IndexedDB Sessions (Recommended)

ZeroXKey now supports persistent, secure, non-extractable authentication using P-256 passkeys stored in IndexedDB. This replaces legacy iframe-based flows for otp, passkey, and OAuth authentication.

The ZeroXKeyIndexedDbClient provides a long-lived session mechanism where the private key never leaves the browser and is scoped per sub-organization. This client handles login, session persistence, and API request signing entirely on the client side — without requiring iframes or sensitive credential injection.

import { ZeroXKey } from "@0xkey-io/sdk-browser";

const 0xkey = new ZeroXKey({
  apiBaseUrl: "https://api.0xkey.com",
  defaultOrganizationId: "<YOUR_PARENT_ORG_ID>",
  rpId: "<YOUR_WEBAUTHN_RELYING_PARTY_ID>",
});

const client = 0xkey.indexedDbClient();
const passkeyClient = 0xkey.passkeyClient();
// Create authenticated session
const pubKey = await indexedDbClient!.getPublicKey();
await passkeyClient?.loginWithPasskey({
  sessionType: SessionType.READ_WRITE,
  publicKey: pubKey!,
  expirationSeconds: "3600",
});

// Now the client is authenticated and ready to interact with ZeroXKey API
const wallets = await client.getWallets();

💡 Why IndexedDB?
Keys are stored using the Web Crypto API, marked as nonExtractable, and survive page reloads — offering persistent, tamper-resistant authentication without ever exposing the raw key material.

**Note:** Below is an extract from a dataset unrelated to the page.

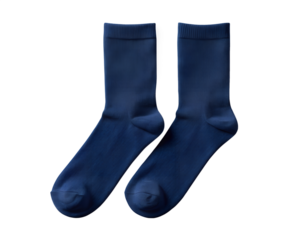 Pair of dark blue ribbed crew socks isolated on transparent background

⚠️ Deprecated: iframeClient for Auth

Authentication via iframeClient() and injected credentials (e.g., from https://auth.0xkey.com) is now considered deprecated for new integrations. These flows required sensitive credential bundles to be delivered via email or OAuth and injected into a sandboxed iframe — a pattern with limited persistence and higher complexity.

Developers are encouraged to migrate to indexedDbClient() for:

  • Seamless passkey authentication
  • Improved security model (no credential injection)
  • Long-lived, resumable sessions

Existing iframe use cases like Email Recovery, Wallet Import, and Wallet Export are still supported but should be isolated from authentication logic.